The AI industry giants are betting on India, India, or the most stable bet of the AI era.
Almost everyone is looking for the next AI windfall, whether it be energy-rich sites that can operate data centres at low cost, semiconductor supply chain bottlenecks that will yield windfalls, or companies that may have breakthrough algorithms. As a rule, India would not be present in such discussions: although it had undertaken several large data centre projects, high energy costs and the Indian market environment limited its AI development ambition. India, however, is perhaps the largest and best bet of the AI era.

According to Bloomberg, in recent months, a number of AI giants have opened their fee-paying services in India free of charge: OpenAI’s light version of ChatGPT Go plans to provide one year free to Indian users; Alphabet’s Gemini Pro will open for 18 months to the 505 million users of Faithful Gio; and Perplexity AI will provide a professional version to 350 million users of Bati Telecommunications. Two of them chose to work with telecommunication operators, partly with a view to building a scale effect — – No market can provide such a large user base as India, where the acceptance of technology is particularly rapid. For telecommunications companies, they are always looking for products that can be tied to subscription packages. However, analysts noted that the strategy was different: they promoted AI value-added services as a practical tool rather than an entertainment package. What happens when we stand at the start of a global-level social experiment where free, unrestricted, front-line AI is extended to over 1 billion mobile subscribers?

The Indian authorities are well aware of their expectations: this may be the country ‘ s ultimate opportunity to break the long-term dilemma of low-skill, low-productivity and balanced. Despite the bright economic growth figures, it is largely driven by a few high-productivity industries – I don’t know. The vast majority of workers are in the self-employed or informal sector and, according to ILO data, their productivity is only half the average. Last month, the Indian Government’s think tank, NITI Aayog, noted in the AI Thematic Report that AI is expected to triple the productivity of regular workers over the next decade, from $5 to $15 per hour. Officials calculated that the widespread adoption of AI by 2035 would contribute an additional $500 to $600 billion to the Indian economy. There is optimism in New Delhi, but this number is likely to be overestimated on the basis of idealistic assumptions. The cruel reality is that all previous attempts to upgrade the skills of hundreds of millions of Indian youth have failed. Bloomberg journalist Andy Muhaki stated that India ‘ s entry-level white collar position was at the same risk of being replaced as elsewhere. But official optimism about the technological revolution is not entirely unfounded. Young people in India are not only passionate about technology, but also rare language users. Almost every teaching video on YouTube is produced by Indians and directed to the Indian audience, precisely because we are used to giving priority to finding answers on video sites.
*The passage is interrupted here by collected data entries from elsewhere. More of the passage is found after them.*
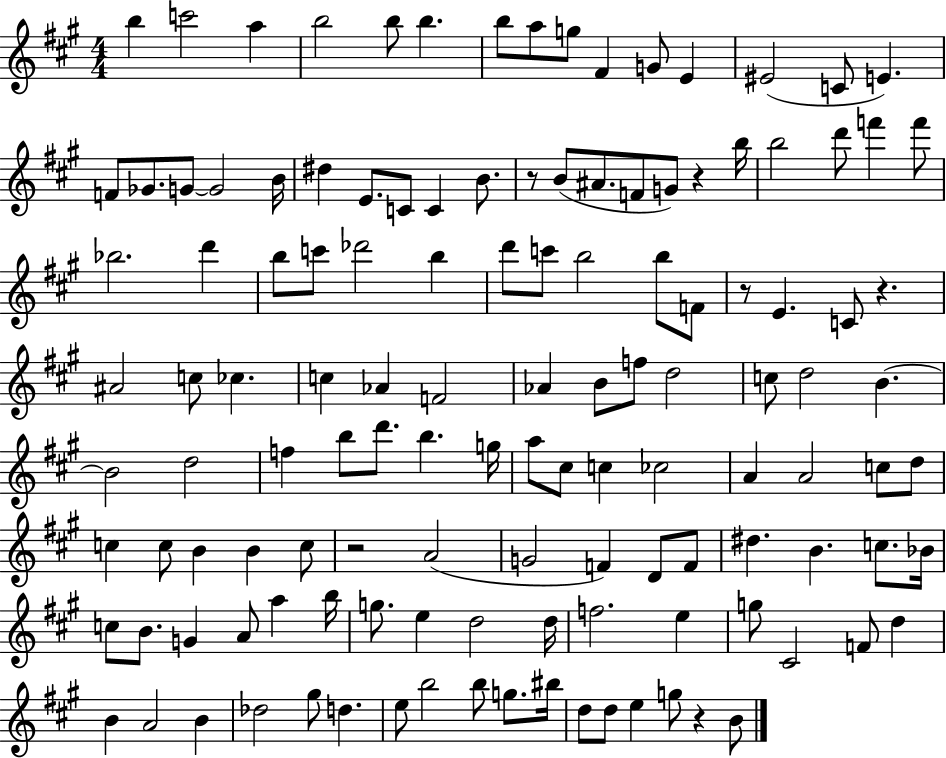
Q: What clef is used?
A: treble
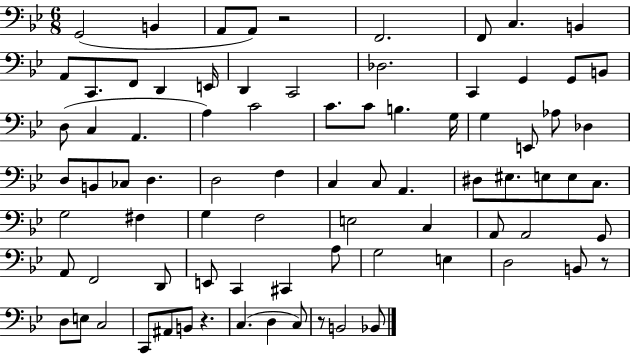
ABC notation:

X:1
T:Untitled
M:6/8
L:1/4
K:Bb
G,,2 B,, A,,/2 A,,/2 z2 F,,2 F,,/2 C, B,, A,,/2 C,,/2 F,,/2 D,, E,,/4 D,, C,,2 _D,2 C,, G,, G,,/2 B,,/2 D,/2 C, A,, A, C2 C/2 C/2 B, G,/4 G, E,,/2 _A,/2 _D, D,/2 B,,/2 _C,/2 D, D,2 F, C, C,/2 A,, ^D,/2 ^E,/2 E,/2 E,/2 C,/2 G,2 ^F, G, F,2 E,2 C, A,,/2 A,,2 G,,/2 A,,/2 F,,2 D,,/2 E,,/2 C,, ^C,, A,/2 G,2 E, D,2 B,,/2 z/2 D,/2 E,/2 C,2 C,,/2 ^A,,/2 B,,/2 z C, D, C,/2 z/2 B,,2 _B,,/2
This desire for knowledge is almost tailored to the age of language models. We know that LLMs can pull the skill curve: people who have never written Python code may suddenly be able to build a decent web site, and friends who are not familiar with complex legislation may suddenly read obscure government forms. This phenomenon has become apparent on the Internet, with tens of thousands of Indian certified accounts, such as the X platform, replete with the emblematic grammar of ChatGPT, which is still highly interactive. This may be uncomfortable or even frustrating, but it does work. Similar developments will take place in the real world: Indians will be able to analyze past incomprehensible statements and gradually learn their own new systems, thus overcoming the flawed education system. The perspective of Hindi or Marathi users will be expanded, as they can switch from one another in a multilingual society and even provide services across deep cultural divides. Businesses such as OpenAI seem to have learned that there are more than one way in which a country provides AI infrastructure. While data centres, power plants and semiconductor plants are important, ultimately the most critical element is people, which is the richest in India.

So perhaps the most ambitious AI layout in the world is India itself: not as a chip manufacturer or algorithm owner, but as a participant in all other links; not in a particular area, but in all industries. If language models can really lower the threshold of access to capacity, and if they can truly empower groups that lack the skills and resources, the country’s hundreds of millions of inefficient workers will be the most influential growth story in the world. The Government of India has failed to empower its people or to provide them with sufficient skills. Maybe now it’s time for big language models to try.